[Scraped caption text data]

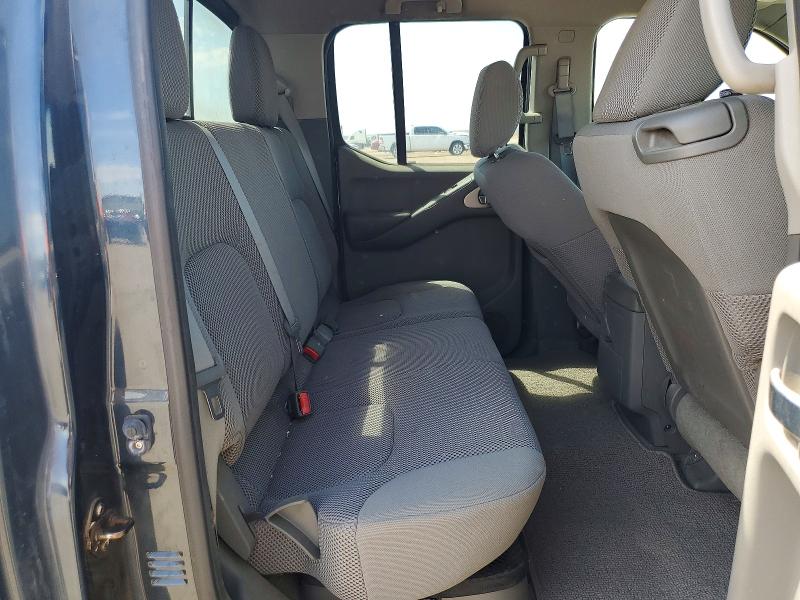 64182296 :رقم المزاد ، 1N6AD0ER0EN714590 vin ، 2014 Nissan Frontier مزاد بيع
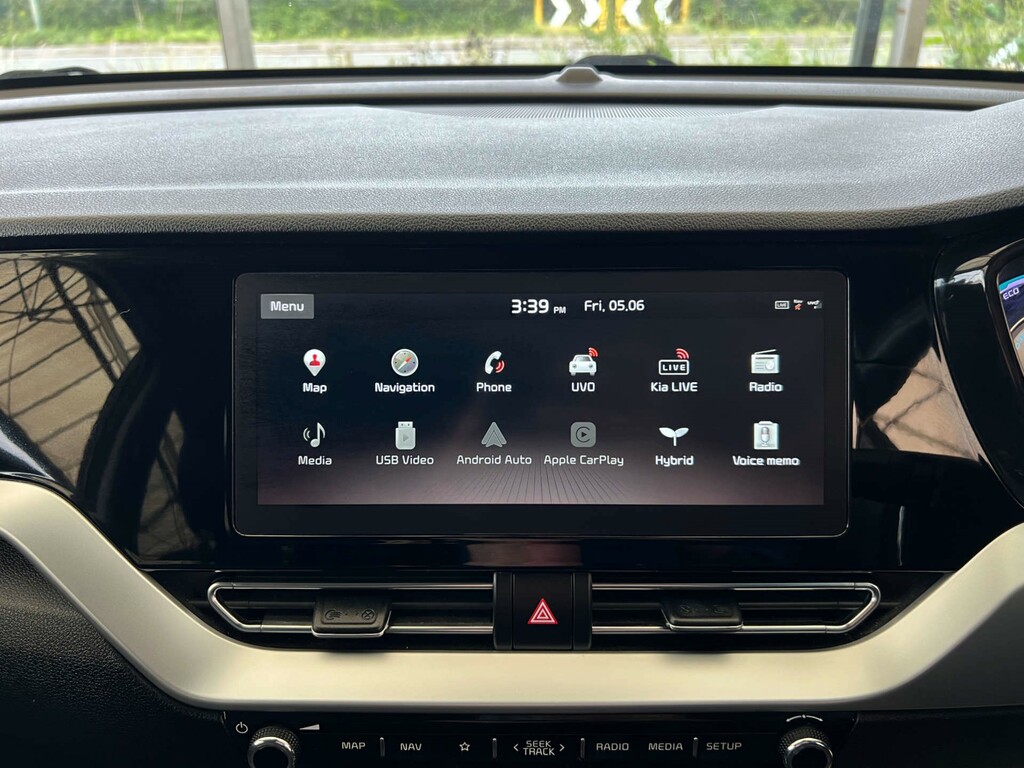 Kia Niro 1.6 Gdi 2 Dct Blue #14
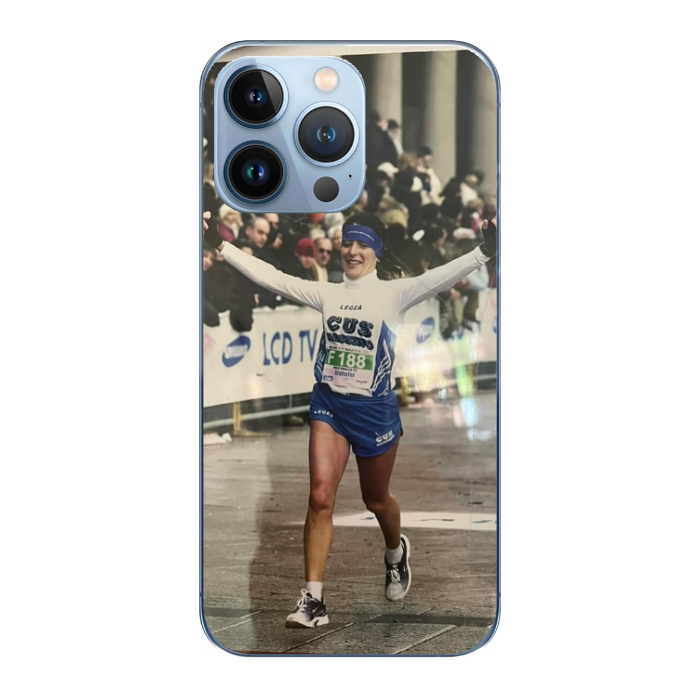 Cover personalizzata iPhone 13 Pro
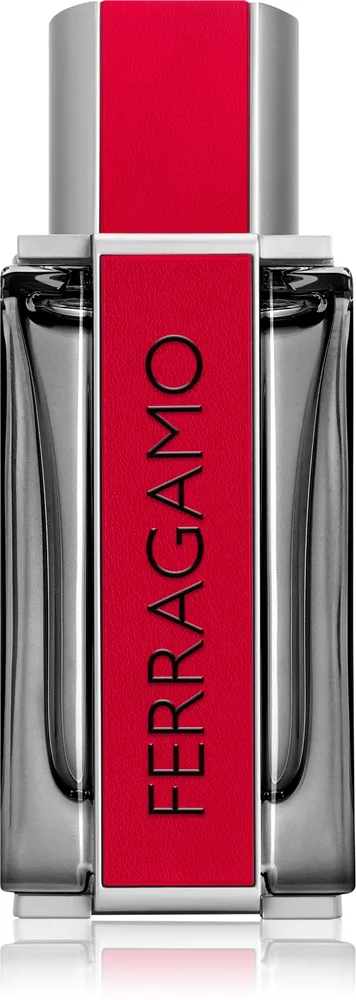 Salvatore Ferragamo - Red Leather Eau de Parfum - 100 ml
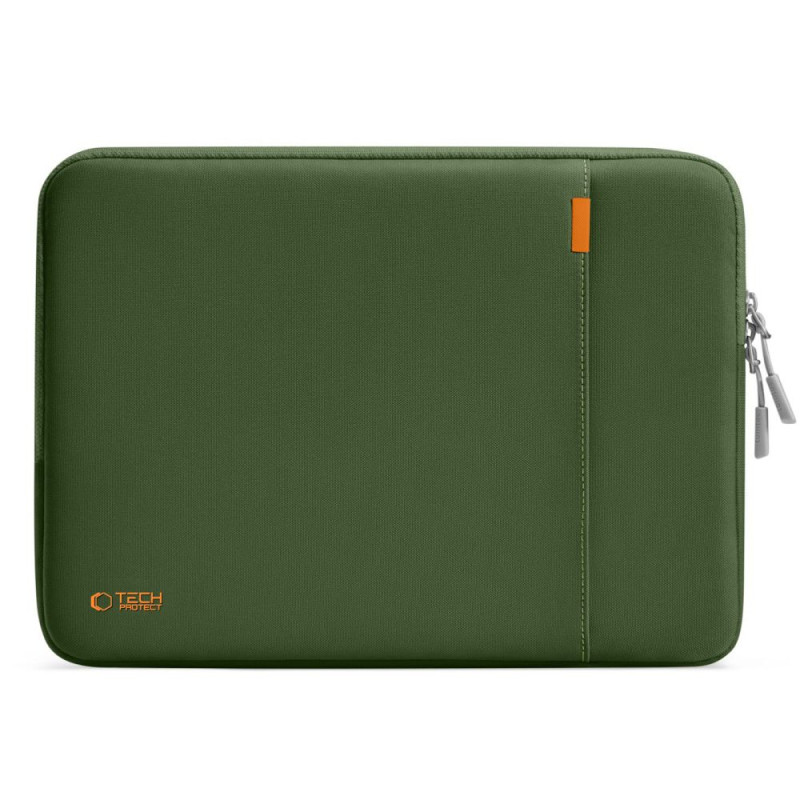 Pouzdro Tech-Protect DEFENDER LAPTOP 13-14 pro notebook - army green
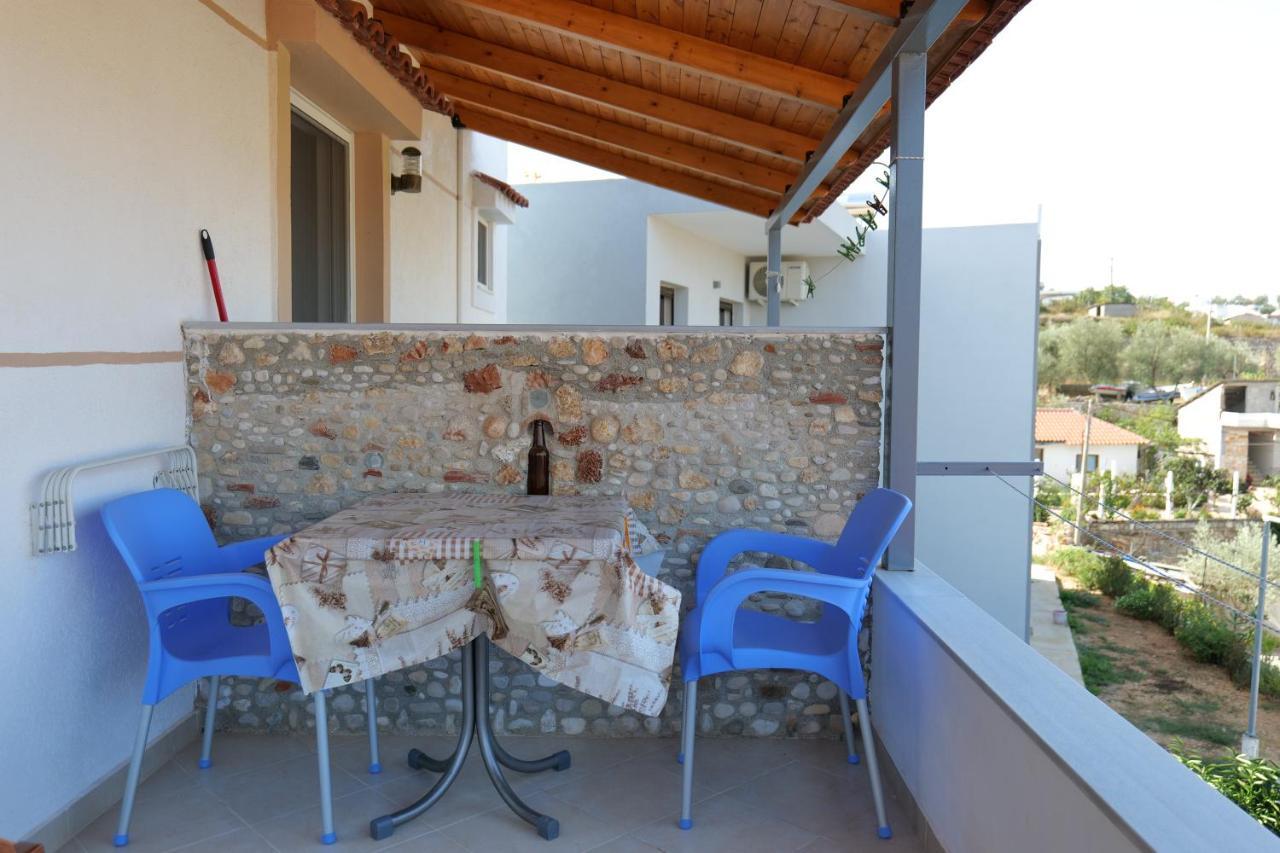 Villa Guximi Ksamil Extérieur photo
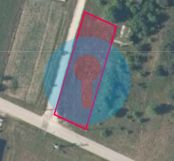 Działka rolna Bilcza, ul. Rolnicza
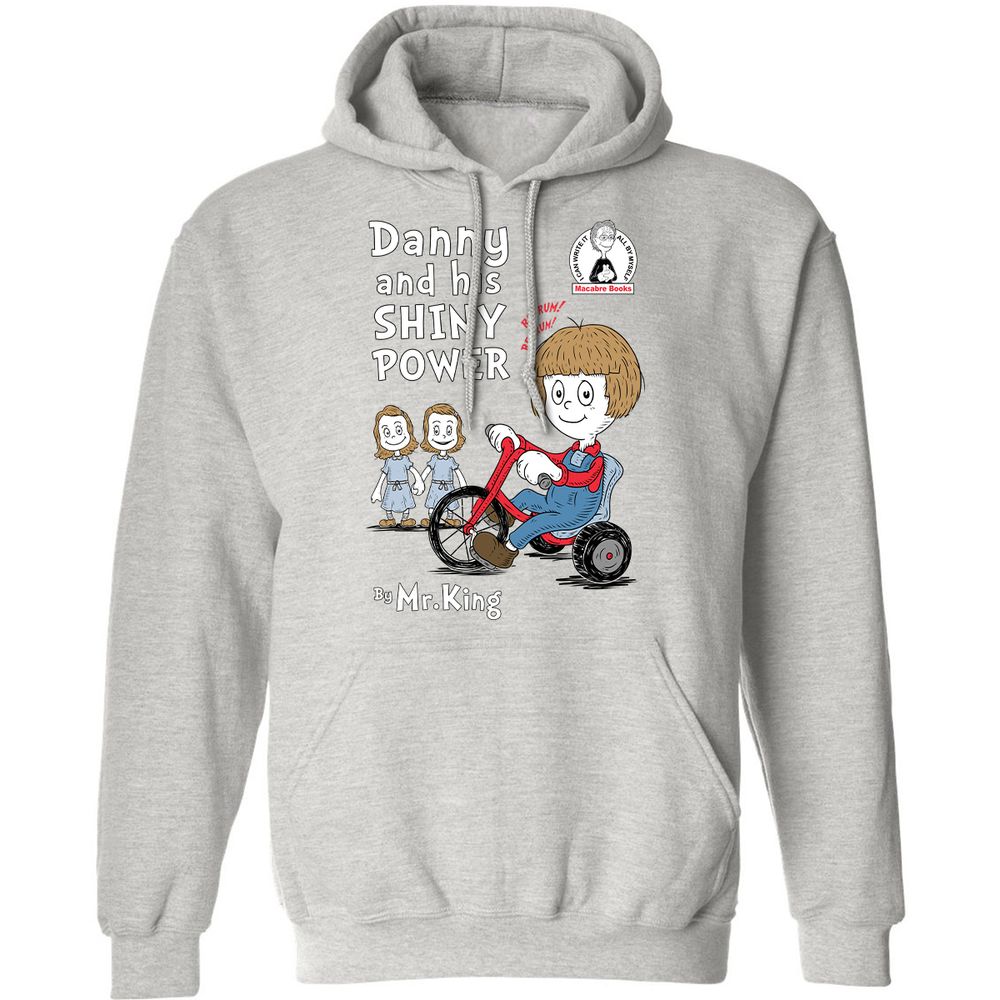 Classic Unisex Hoodie - L8BWWVYU - Ash - 8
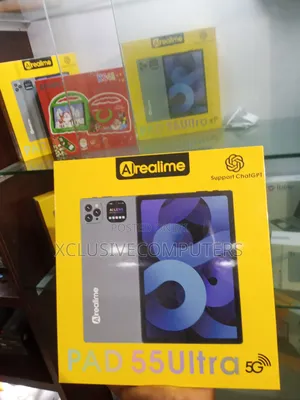 New Tablet 512 GB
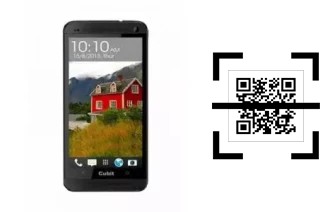 Come leggere i codici QR su un Cubit Zion?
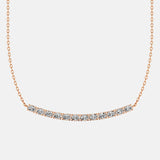 Lab - Grown Luxe Necklace - Lexie Jordan Jewelry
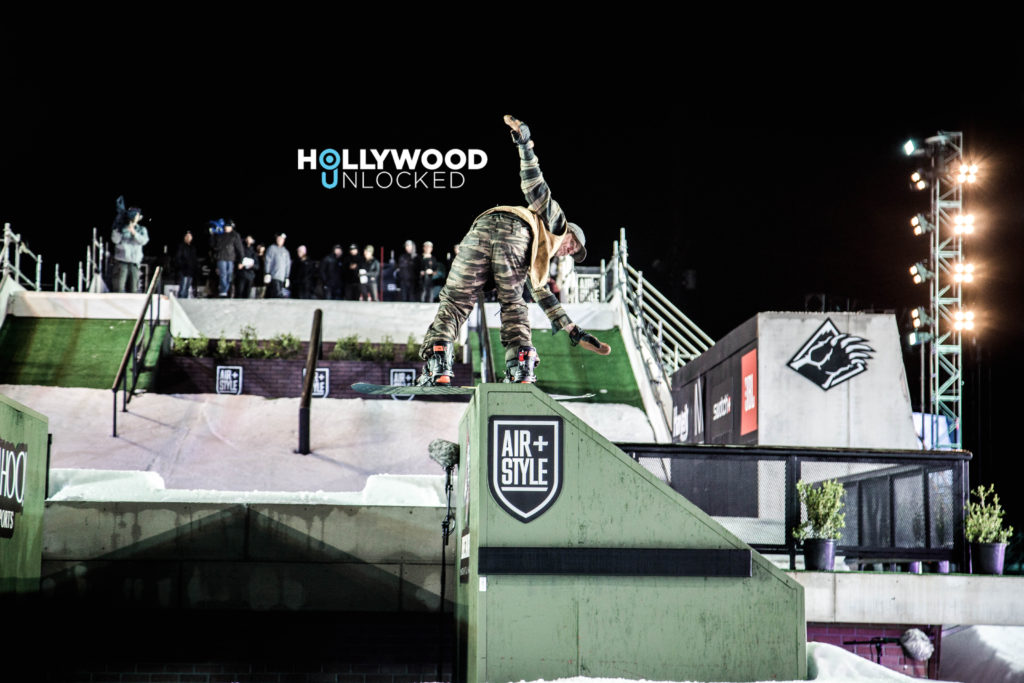 Shaun White's 2018 Air + Style Festival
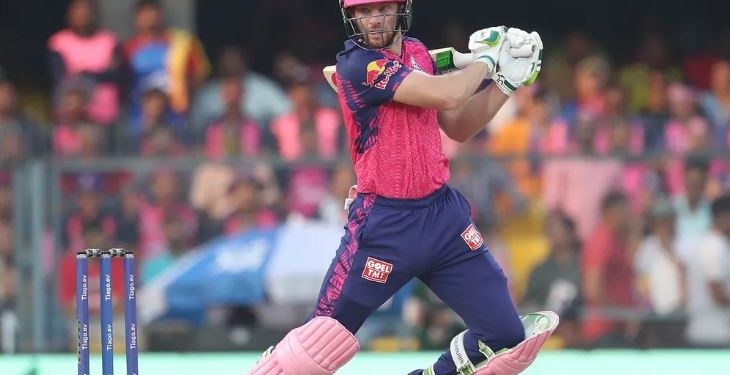 Jos Buttler (Image: iplt20)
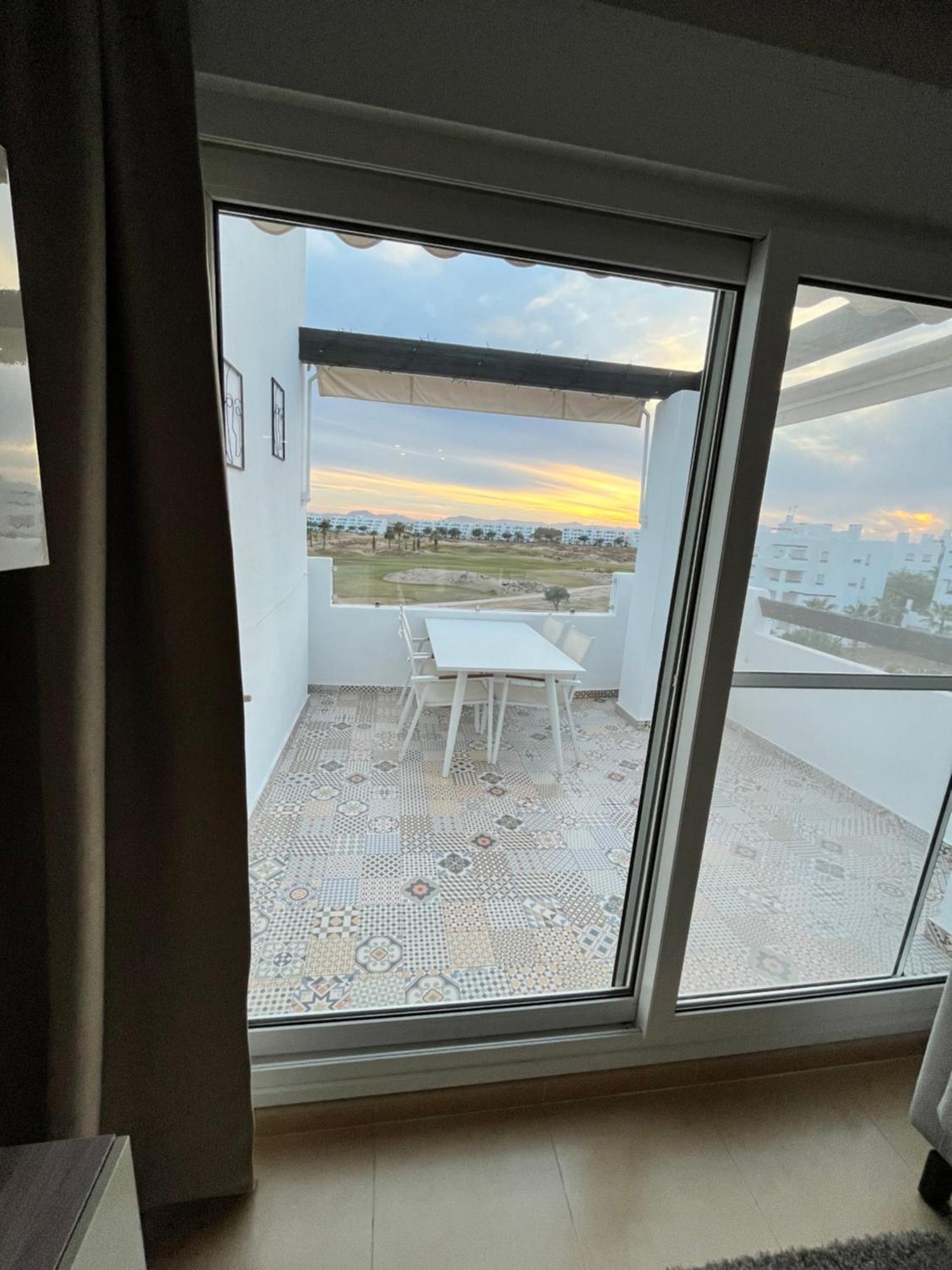 Las Terrazas De La Torre Golf Roldán Exterior foto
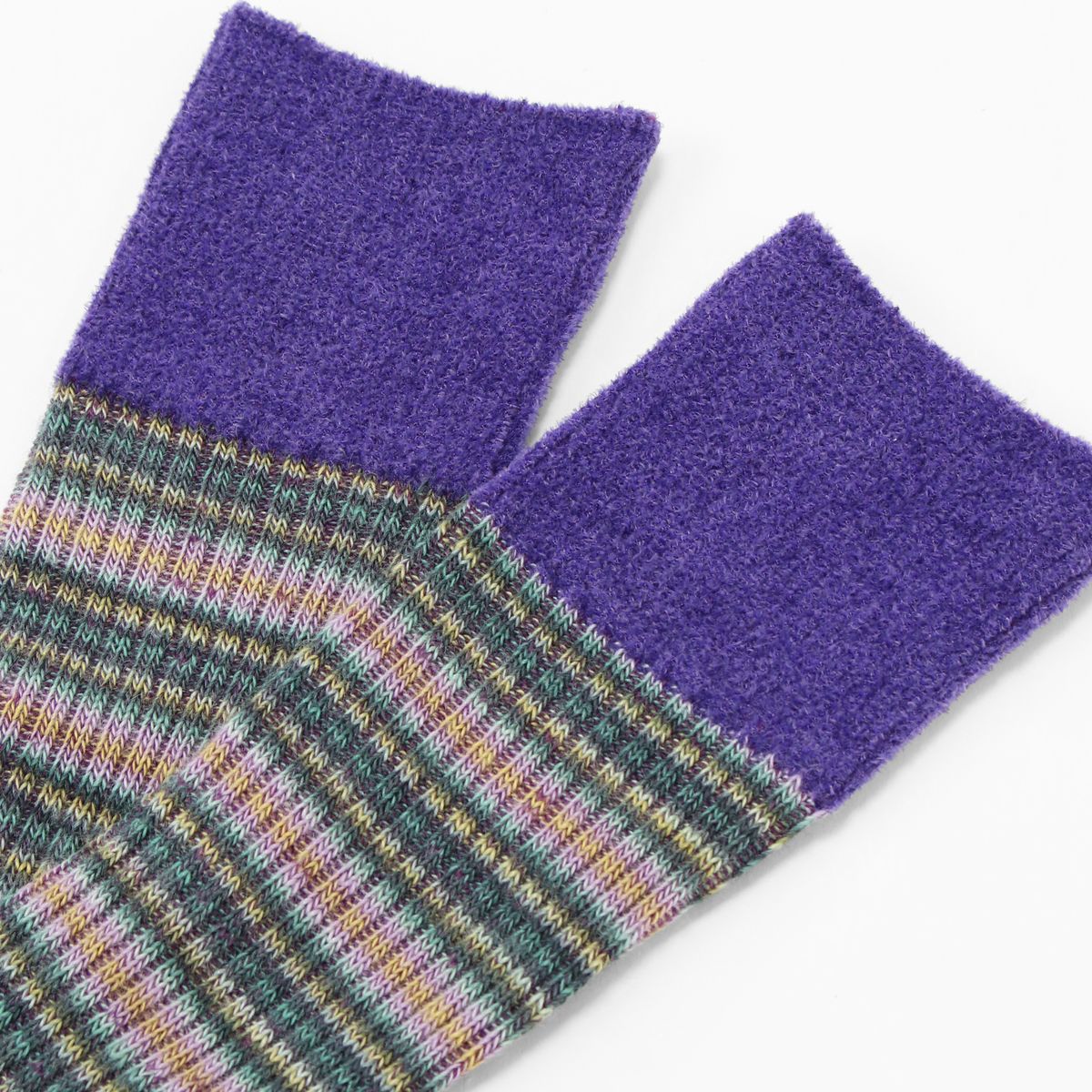 HOiSUM Sunlit Socks - Purple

◆ What to do ◆
All lines from the one bearing "Shaun White's 2018 Air + Style Festival" through the last line of the records, and only those, should be duplicated exactly; no picture belongs in the copy.

◆ Task answer ◆
 Shaun White's 2018 Air + Style Festival
 Jos Buttler (Image: iplt20)
 Las Terrazas De La Torre Golf Roldán Exterior foto
 HOiSUM Sunlit Socks - Purple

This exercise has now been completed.